_WORK TO COMPLETE_: All pictures are to be omitted while the lines starting at the line with "ROLL UP SLEEVE TOP WITH FLAG POCKETS" and ending at the line with "Polizeipräsidium Südhessen: POL-DA: Bensheim: Innenminister" in the material below are retyped exactly, both ends included.

---------- SUPPLIED MATERIAL ----------

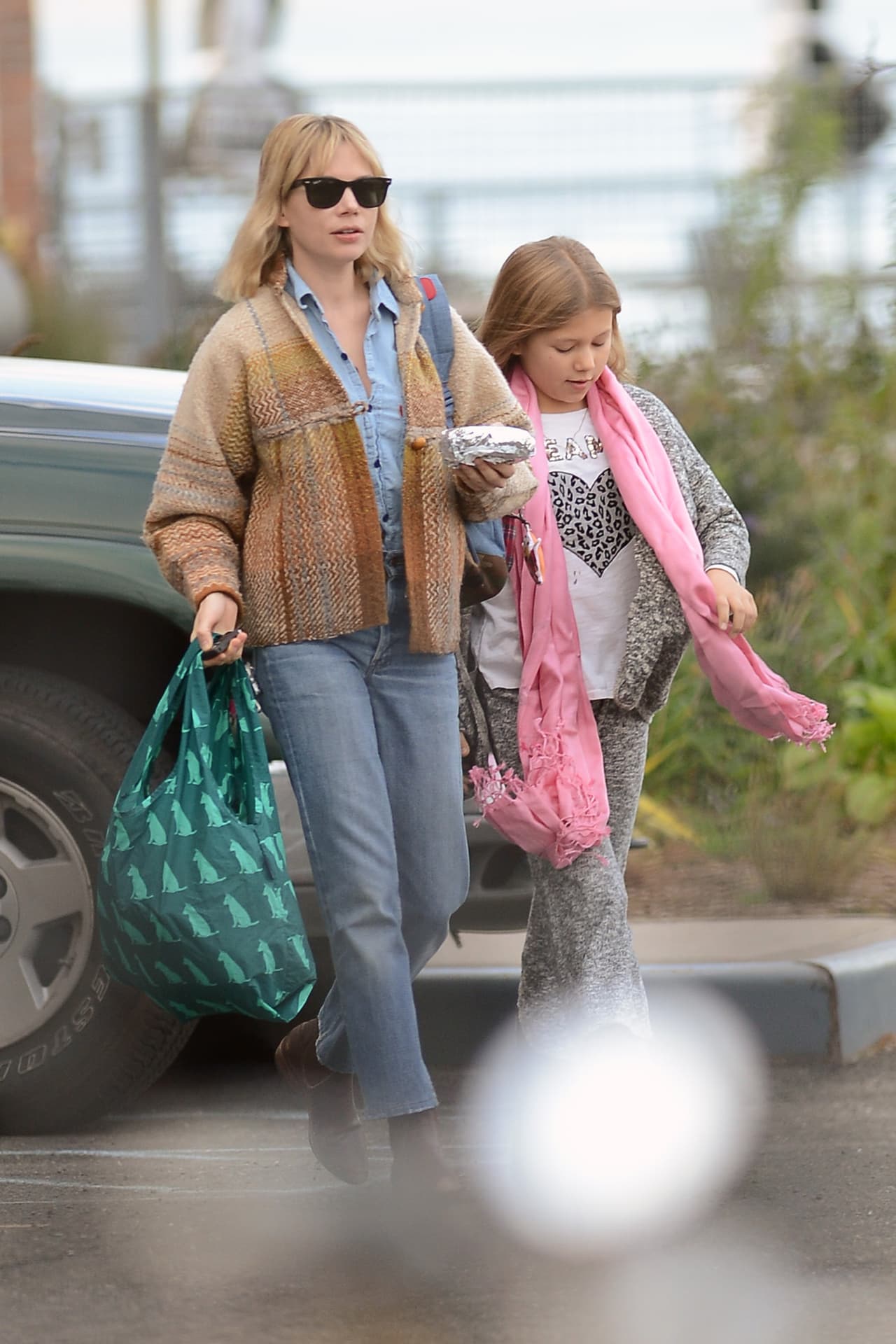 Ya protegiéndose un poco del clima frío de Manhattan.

----------
---------- SUPPLIED MATERIAL ----------

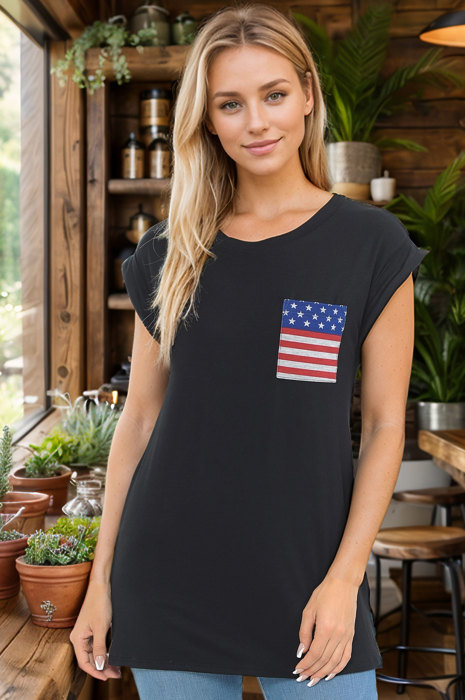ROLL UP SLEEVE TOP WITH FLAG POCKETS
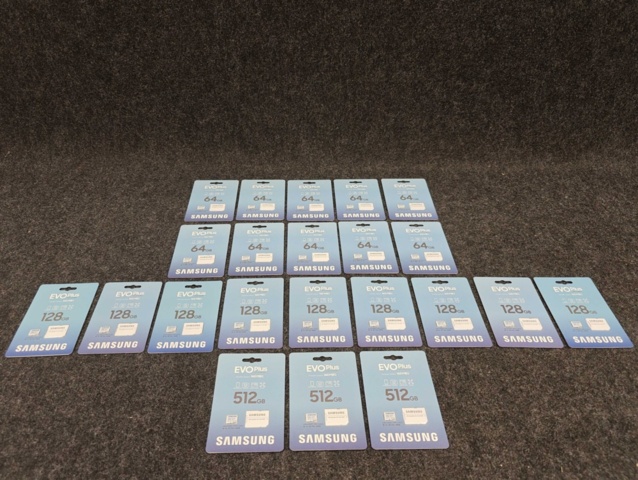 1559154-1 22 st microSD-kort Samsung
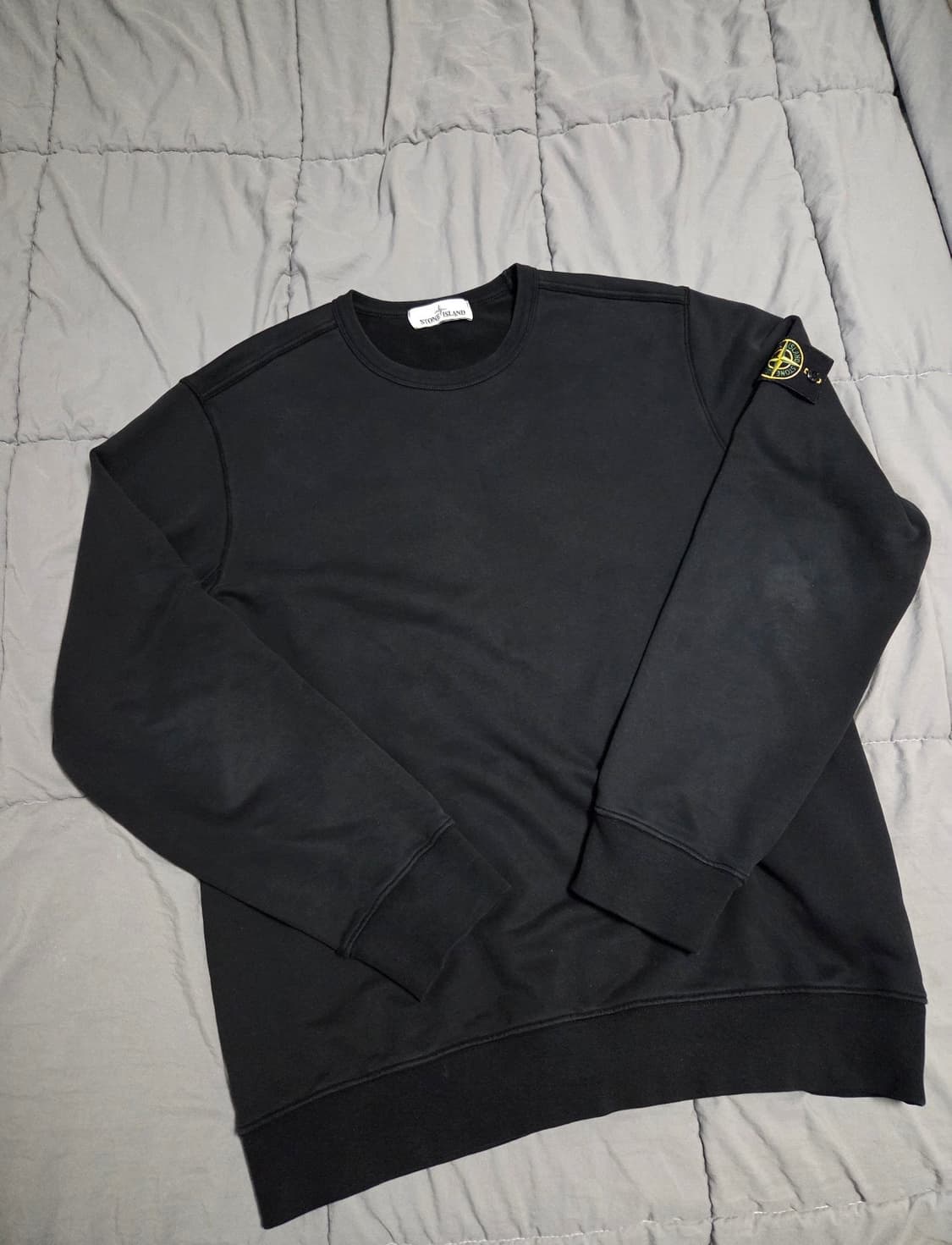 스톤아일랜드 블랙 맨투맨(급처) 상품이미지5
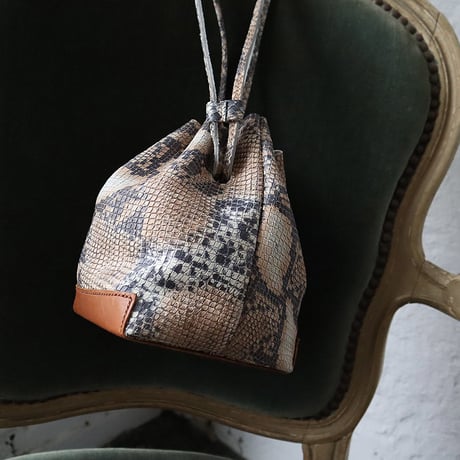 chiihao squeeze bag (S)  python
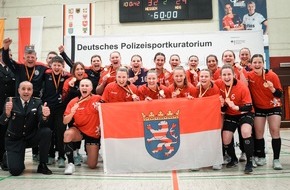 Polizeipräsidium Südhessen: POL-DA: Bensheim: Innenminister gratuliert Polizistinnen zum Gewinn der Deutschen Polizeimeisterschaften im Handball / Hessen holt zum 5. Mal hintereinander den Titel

----------

_RESPONSE BOX_:
ROLL UP SLEEVE TOP WITH FLAG POCKETS
 1559154-1 22 st microSD-kort Samsung
 스톤아일랜드 블랙 맨투맨(급처) 상품이미지5
 chiihao squeeze bag (S)  python
 Polizeipräsidium Südhessen: POL-DA: Bensheim: Innenminister gratuliert Polizistinnen zum Gewinn der Deutschen Polizeimeisterschaften im Handball / Hessen holt zum 5. Mal hintereinander den Titel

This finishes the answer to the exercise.